Names, also known as identifiers, are sequences of ASCII characters used to name variables, functions, and other entities in Hook. To define a name in Hook, you can use any combination of letters, digits, and underscores. However, a name must start with a letter or an underscore. Hook follows the same rules for naming variables as the C programming language.

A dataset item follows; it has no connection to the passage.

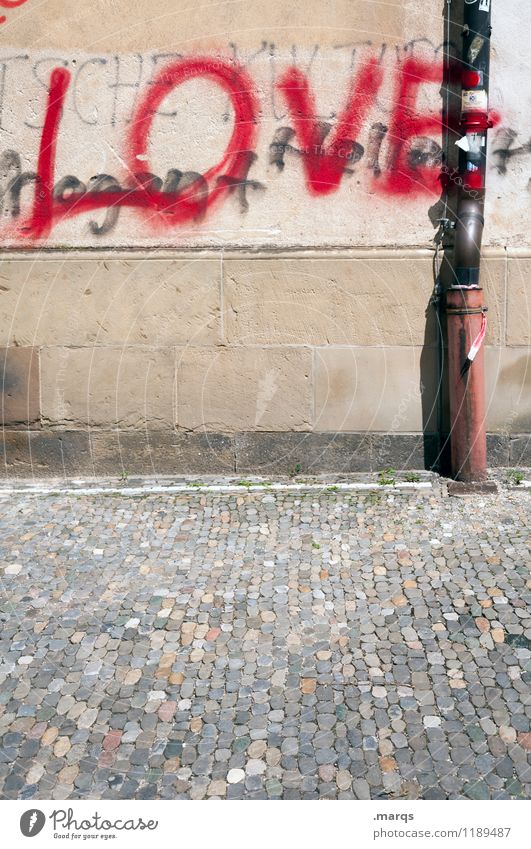 love Wall (barrier) Wall (building) Rain gutter Characters Graffiti Simple Emotions Love Infatuation Relationship Colour photo Exterior shot Copy Space bottom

The following EBNF grammar describes the structure of names:

name ::= ( LETTER | '_' ) ( LETTER | digit | '_' )*

Here, LETTER refers to any uppercase or lowercase letter in the ASCII character set, while digit was defined earlier in this document.

Keywords

Keywords are reserved words that have a special meaning and cannot be used as names for variables, functions, or other entities. The following table lists all the keywords in Hook:

as break continue del do
else false fn for foreach
from if if! import in
let loop match nil return
struct true var while while!

Other tokens

Besides literals, names, and keywords, Hook uses several other tokens consisting of one or two ASCII characters. These tokens have special meanings in the language.

.. .. , : ; ( )
[ ] { } |= || |
^= ^ &= && & => ==
= != ! >= >>= >> >
<= <<= << < += ++ +
-= -- - *= * /= /
~/= ~/ ~ %= % _

In addition, Hook uses a special token to indicate the end of a file. This token is represented by the '\0' character.

Syntatic grammar

The complete syntactic grammar of Hook is defined by the following EBNF grammar:

chunk                ::= stmt* EOF

stmt                 ::= import_stmt
                       | var_decl ';'
                       | assign_call ';'
                       | struct_decl
                       | fn_decl
                       | del_stmt
                       | if_stmt
                       | match_stmt
                       | loop_stmt
                       | while_stmt
                       | for_stmt
                       | break_stmt
                       | return_stmt
                       | block

import_stmt          ::= 'import' NAME ( 'as' NAME )? ';'
                       | 'import' STRING 'as' NAME ';'
                       | 'import' '{' NAME ( ',' NAME )* '}' 'from' ( NAME | STRING ) ';'

var_decl             ::= 'let' NAME '=' expr
                       | 'var' NAME ( '=' expr )?
                       | ( 'let' | 'var' ) '[' '_' | NAME ( ',' '_' | NAME )* ']' '=' expr
                       | ( 'let' | 'var' ) '{' NAME ( ',' NAME )* '}' '=' expr

assign_call          ::= NAME subsc* assign_op expr
                       | NAME subsc* ( '++' | '--' )
                       | NAME subsc* '[' ']' '=' expr
                       | NAME subsc* subsc '=' expr
                       | NAME ( subsc | call )* call

struct_decl          ::= 'struct' NAME '{' ( string | NAME ( ',' string | NAME )* )? '}'

fn_decl              ::= 'fn' NAME '(' ( NAME ( ',' NAME )* )? ')' ( '=>' expr ";" | block )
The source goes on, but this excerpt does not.